See Liu Xiang fall in the hurdles and cringe. Then see Hungarian Balazs Baji raise his hand aloft and say: “I respect him. I’m really sorry. I didn’t say anything. I just couldn’t say anything.”

Then see Brit Andrew Turner, and Spaniard Jackson Quinonez carry Liu off the track, the former saying: “It was horrible to see him limp off like that, so I had to go and help him.” Then applaud.

Amid the clutter of languages at a Games, there’s still a single dialect among 205 nations. Sport itself. Greying rider and swimmer with braces speak it. We don’t. We don’t sacrifice, don’t hurt, don’t invest. For us it’s a distant spectacle, for them a personal connection. They exist to beat each other, but in this struggle there is often – not always – admiration.

British cycling rivals Victoria Pendleton and Australia’s Anna Meares train for each other, they drive each other, to be faster and to tears. And to the point where a reporter will foolishly ask Pendleton if Meares is a “cow”.

Here, in Pendleton’s London, she loses to Meares, she weeps, she embraces Meares. It is the worst possible end for her and yet the best possible reaction. And Meares will say: “Victoria showed great sportsmanship. It would have been very difficult to have been beaten in front of a home crowd. It showed the high-quality character that Victoria is.”

We like feistiness, we pump up the tribalism, we inflate rivalries. Some of it is fun and some of it puerile, but respect has its own shine. It is a code and it is worthy.

So losers have reached across lane markers in pools to kiss victors and winners have offered dignity to the defeated. When Lin Dan won badminton gold, he tweeted: “Without Lee Chong Wei, there would have been no Lin Dan.” It is sweet and it is true.

These are imperfect men, not some pillars of piety. Mahiedine Mekhissi-Benabbad of France pushed a 14-year-old girl in a mascot’s uniform earlier this year. Kenyan Ezekiel Kemboi faces trial for allegedly stabbing a woman.

Yet after the 3,000m steeplechase final, the Frenchman with silver will carry the Kenyan with gold in his arms and say: “It is a good-natured and fair war between us, I congratulate him, he is a great champion.” For this moment, he finds his best self.
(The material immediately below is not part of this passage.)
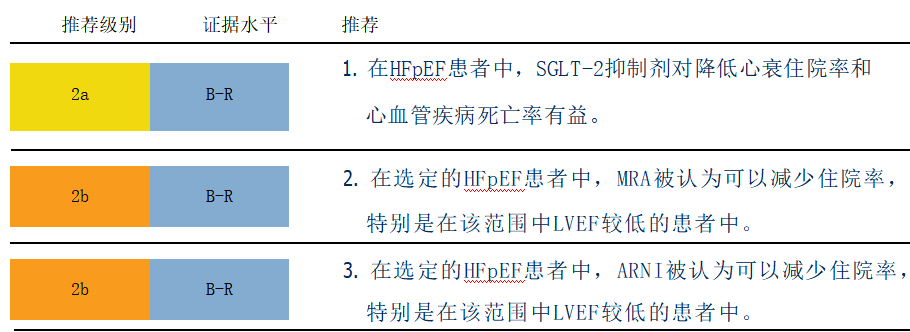 2022年美国心衰管理指南10大推荐要点中文整理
The Olympics is fake war and it is why the gesture is necessary as confirmation of it. It does not always come, for bitterness lingers and insinuation arrives like a sneer. Ye Shiwen, the Chinese swimmer, has tasted it and US hurdling medallists have resented the celebrity-fication of Lolo Jones who won nothing. In sailing, accusations of gamesmanship broke like a small wave and in judo not every opponent is ready for a hug.

Table tennis simply needs to reimagine its post-match code. Players often acknowledge the umpire first before limply touching palms with a rival. It does not imply disrespect, yet it pales in front of Juan Martin del Potro, defeated after 4hr 26min and then leaning on Roger Federer’s shoulder and weeping.

Said Federer, perfectly catching the ethos of athletes in competition: “I felt for him in a big way because I’ve been there as well.” Everyone knows the taste of losing. An athlete may be superior in London, but tomorrow is always different. It is what binds them.

Athletes come to this Games to win. It is their job, their living, their dream. Ferocity is part of the process, psychology is their weapon. They desire gold, not the Pierre de Coubertin medal for sportsmanship, yet they also recognise each other’s aspirations.

When Kirani James finished his 400m semi-final with Oscar Pistorius, he asked for his race bib. Pistorius was not a challenge to him, but in a time of questioning over the legality of Pistorius’ blades, the gesture was meaningful.

Said James: “Oscar should be a huge inspiration, whether you’re a track athlete or a normal person. You can be somebody no matter what kind of disability you have.”

James was reaching out and he wasn’t alone. And when athletes do this, amid the tension, in a pursuit which is selfish by definition, they give us something precious. They remind us spirit is not just an idea, it is a living thing.